Item
3.02 Unregistered Sales of Equity Securities.
Sales
of Preferred Shares
Between
July 26, 2022 and August 10, 2022, the Company entered into subscription agreements with certain accredited investors pursuant to
which the Company sold an aggregate of 3.8 shares of the Company’s Series Y preferred stock for an aggregate purchase price of
$380,000. The Company also issued an aggregate of 3,040,000 warrants to these investors.
In
connection with the foregoing, the Company relied upon the exemption from registration provided under Section 4(a)(2) under the Securities
Act for transactions not involving a public offering.
Conversion
of Notes
On
July 29, 2022, holders of convertible promissory notes converted an aggregate principal and interest amount of $150,912 into an
aggregate of 27,438,605 shares of the Company’s common stock.

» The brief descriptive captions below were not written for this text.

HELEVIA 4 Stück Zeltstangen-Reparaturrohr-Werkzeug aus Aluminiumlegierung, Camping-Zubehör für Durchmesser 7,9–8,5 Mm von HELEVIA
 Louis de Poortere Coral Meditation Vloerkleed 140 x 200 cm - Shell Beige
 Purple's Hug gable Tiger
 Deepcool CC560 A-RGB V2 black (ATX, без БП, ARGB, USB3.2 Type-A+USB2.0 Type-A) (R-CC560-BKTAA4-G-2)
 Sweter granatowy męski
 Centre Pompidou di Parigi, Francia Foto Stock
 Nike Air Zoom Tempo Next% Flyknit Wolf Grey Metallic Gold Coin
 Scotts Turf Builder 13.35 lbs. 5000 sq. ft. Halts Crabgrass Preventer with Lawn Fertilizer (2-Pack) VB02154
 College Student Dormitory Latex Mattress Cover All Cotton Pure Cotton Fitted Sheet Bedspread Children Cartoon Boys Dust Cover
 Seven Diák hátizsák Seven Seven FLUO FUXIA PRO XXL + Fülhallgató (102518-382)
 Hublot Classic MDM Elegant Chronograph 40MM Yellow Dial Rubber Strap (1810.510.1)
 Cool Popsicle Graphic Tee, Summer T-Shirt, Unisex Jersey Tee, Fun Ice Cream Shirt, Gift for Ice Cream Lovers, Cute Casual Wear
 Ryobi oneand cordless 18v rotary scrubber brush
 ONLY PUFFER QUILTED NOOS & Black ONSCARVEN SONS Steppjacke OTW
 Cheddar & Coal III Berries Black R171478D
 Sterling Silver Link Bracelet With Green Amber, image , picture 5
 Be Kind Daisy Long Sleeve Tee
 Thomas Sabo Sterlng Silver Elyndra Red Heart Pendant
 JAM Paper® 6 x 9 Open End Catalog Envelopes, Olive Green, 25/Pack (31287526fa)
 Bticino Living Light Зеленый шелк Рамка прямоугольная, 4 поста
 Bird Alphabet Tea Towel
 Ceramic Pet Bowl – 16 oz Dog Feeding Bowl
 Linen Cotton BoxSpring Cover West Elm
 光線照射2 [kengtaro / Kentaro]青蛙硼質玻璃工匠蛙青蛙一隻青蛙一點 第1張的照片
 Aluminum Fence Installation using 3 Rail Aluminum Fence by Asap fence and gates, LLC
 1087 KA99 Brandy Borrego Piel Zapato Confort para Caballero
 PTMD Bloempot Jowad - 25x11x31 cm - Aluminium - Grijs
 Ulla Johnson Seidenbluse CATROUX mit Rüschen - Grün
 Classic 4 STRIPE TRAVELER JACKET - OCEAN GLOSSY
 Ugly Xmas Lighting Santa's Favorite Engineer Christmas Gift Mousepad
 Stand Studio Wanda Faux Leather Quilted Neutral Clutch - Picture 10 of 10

In connection with the foregoing, the Company relied
upon the exemption from registration provided under Section 4(a)(2) under the Securities Act for transactions not involving a public offering.
Conversion
of Preferred Shares
On
August 1, 2022, holders of the Company’s Series R preferred stock converted an aggregate of 1 Series R shares into an aggregate
of 106,496 shares of the Company’s common stock.
On
August 5, 2022, holders of the Company’s Series T preferred stock converted an aggregate of 268 Series T shares into an aggregate
of 29,777,778 shares of the Company’s common stock.
On
August 5, 2022, holders of the Company’s Series Y preferred stock converted an aggregate of 6.8 Series Y shares into an aggregate
of 46,370,347 shares of the Company’s common stock.
On
August 8, 2022, holders of the Company’s Series U preferred stock converted an aggregate of 25 Series U shares into an aggregate
of 3,028,099 shares, including make-good shares, of the Company’s common stock.
In
connection with the foregoing, the Company relied upon the exemption from registration provided under Section 4(a)(2) under the Securities
Act for transactions not involving a public offering.
Restricted
Stock Grant Agreement Issuances
On
August 8, 2022, per electing and qualifying for the Restricted Stock Grant Agreement alternate vesting schedule, the Company issued to
Mr. T. Riggs Eckelberry and one consultant an aggregate of 1,023,192 shares of the Company’s common stock.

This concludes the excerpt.